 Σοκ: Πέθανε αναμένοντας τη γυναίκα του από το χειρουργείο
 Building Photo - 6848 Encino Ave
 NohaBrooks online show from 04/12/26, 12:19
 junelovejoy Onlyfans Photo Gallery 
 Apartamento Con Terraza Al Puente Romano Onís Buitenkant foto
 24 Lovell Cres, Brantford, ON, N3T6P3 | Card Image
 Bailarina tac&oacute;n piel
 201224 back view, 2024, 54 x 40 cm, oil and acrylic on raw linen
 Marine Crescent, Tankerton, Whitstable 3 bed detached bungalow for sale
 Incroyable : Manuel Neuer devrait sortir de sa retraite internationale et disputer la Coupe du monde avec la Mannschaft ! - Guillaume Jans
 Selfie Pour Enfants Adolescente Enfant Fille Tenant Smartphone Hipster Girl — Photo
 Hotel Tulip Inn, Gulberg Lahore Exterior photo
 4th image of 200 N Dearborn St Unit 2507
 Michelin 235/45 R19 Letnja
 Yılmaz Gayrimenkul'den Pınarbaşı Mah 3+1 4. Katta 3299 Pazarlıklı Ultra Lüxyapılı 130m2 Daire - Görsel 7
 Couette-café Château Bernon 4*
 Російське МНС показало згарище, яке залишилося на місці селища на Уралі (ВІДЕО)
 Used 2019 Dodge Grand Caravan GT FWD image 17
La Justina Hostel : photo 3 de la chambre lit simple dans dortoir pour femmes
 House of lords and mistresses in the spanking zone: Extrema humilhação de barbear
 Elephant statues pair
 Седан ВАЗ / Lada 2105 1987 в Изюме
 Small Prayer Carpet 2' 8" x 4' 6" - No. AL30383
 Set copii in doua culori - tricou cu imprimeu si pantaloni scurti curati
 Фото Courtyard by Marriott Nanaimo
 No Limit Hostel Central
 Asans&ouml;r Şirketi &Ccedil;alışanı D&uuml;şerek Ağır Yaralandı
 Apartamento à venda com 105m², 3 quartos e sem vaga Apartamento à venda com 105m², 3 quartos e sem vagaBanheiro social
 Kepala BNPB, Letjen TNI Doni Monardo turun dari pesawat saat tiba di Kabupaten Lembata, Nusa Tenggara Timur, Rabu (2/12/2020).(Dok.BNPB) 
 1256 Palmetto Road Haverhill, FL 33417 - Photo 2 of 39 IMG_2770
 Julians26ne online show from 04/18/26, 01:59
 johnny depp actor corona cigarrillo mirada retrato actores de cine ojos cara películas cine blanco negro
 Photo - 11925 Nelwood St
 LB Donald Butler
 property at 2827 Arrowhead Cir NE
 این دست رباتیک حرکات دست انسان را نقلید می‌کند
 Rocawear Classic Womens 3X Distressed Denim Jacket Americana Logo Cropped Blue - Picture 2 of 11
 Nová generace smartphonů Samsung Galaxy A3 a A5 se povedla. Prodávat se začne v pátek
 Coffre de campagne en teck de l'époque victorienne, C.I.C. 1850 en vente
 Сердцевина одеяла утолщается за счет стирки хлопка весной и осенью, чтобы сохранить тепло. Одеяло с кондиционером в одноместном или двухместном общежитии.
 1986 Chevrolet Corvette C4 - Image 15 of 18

> **WHAT YOU NEED TO DO**: Starting at the line above that holds "Building Photo - 6848 Encino Ave" and ending at the line that holds "Nová generace smartphonů", transcribe each line exactly and include no other lines.

> **FINISHED EXERCISE**:
 Building Photo - 6848 Encino Ave
 NohaBrooks online show from 04/12/26, 12:19
 junelovejoy Onlyfans Photo Gallery 
 Apartamento Con Terraza Al Puente Romano Onís Buitenkant foto
 24 Lovell Cres, Brantford, ON, N3T6P3 | Card Image
 Bailarina tac&oacute;n piel
 201224 back view, 2024, 54 x 40 cm, oil and acrylic on raw linen
 Marine Crescent, Tankerton, Whitstable 3 bed detached bungalow for sale
 Incroyable : Manuel Neuer devrait sortir de sa retraite internationale et disputer la Coupe du monde avec la Mannschaft ! - Guillaume Jans
 Selfie Pour Enfants Adolescente Enfant Fille Tenant Smartphone Hipster Girl — Photo
 Hotel Tulip Inn, Gulberg Lahore Exterior photo
 4th image of 200 N Dearborn St Unit 2507
 Michelin 235/45 R19 Letnja
 Yılmaz Gayrimenkul'den Pınarbaşı Mah 3+1 4. Katta 3299 Pazarlıklı Ultra Lüxyapılı 130m2 Daire - Görsel 7
 Couette-café Château Bernon 4*
 Російське МНС показало згарище, яке залишилося на місці селища на Уралі (ВІДЕО)
 Used 2019 Dodge Grand Caravan GT FWD image 17
La Justina Hostel : photo 3 de la chambre lit simple dans dortoir pour femmes
 House of lords and mistresses in the spanking zone: Extrema humilhação de barbear
 Elephant statues pair
 Седан ВАЗ / Lada 2105 1987 в Изюме
 Small Prayer Carpet 2' 8" x 4' 6" - No. AL30383
 Set copii in doua culori - tricou cu imprimeu si pantaloni scurti curati
 Фото Courtyard by Marriott Nanaimo
 No Limit Hostel Central
 Asans&ouml;r Şirketi &Ccedil;alışanı D&uuml;şerek Ağır Yaralandı
 Apartamento à venda com 105m², 3 quartos e sem vaga Apartamento à venda com 105m², 3 quartos e sem vagaBanheiro social
 Kepala BNPB, Letjen TNI Doni Monardo turun dari pesawat saat tiba di Kabupaten Lembata, Nusa Tenggara Timur, Rabu (2/12/2020).(Dok.BNPB) 
 1256 Palmetto Road Haverhill, FL 33417 - Photo 2 of 39 IMG_2770
 Julians26ne online show from 04/18/26, 01:59
 johnny depp actor corona cigarrillo mirada retrato actores de cine ojos cara películas cine blanco negro
 Photo - 11925 Nelwood St
 LB Donald Butler
 property at 2827 Arrowhead Cir NE
 این دست رباتیک حرکات دست انسان را نقلید می‌کند
 Rocawear Classic Womens 3X Distressed Denim Jacket Americana Logo Cropped Blue - Picture 2 of 11
 Nová generace smartphonů Samsung Galaxy A3 a A5 se povedla. Prodávat se začne v pátek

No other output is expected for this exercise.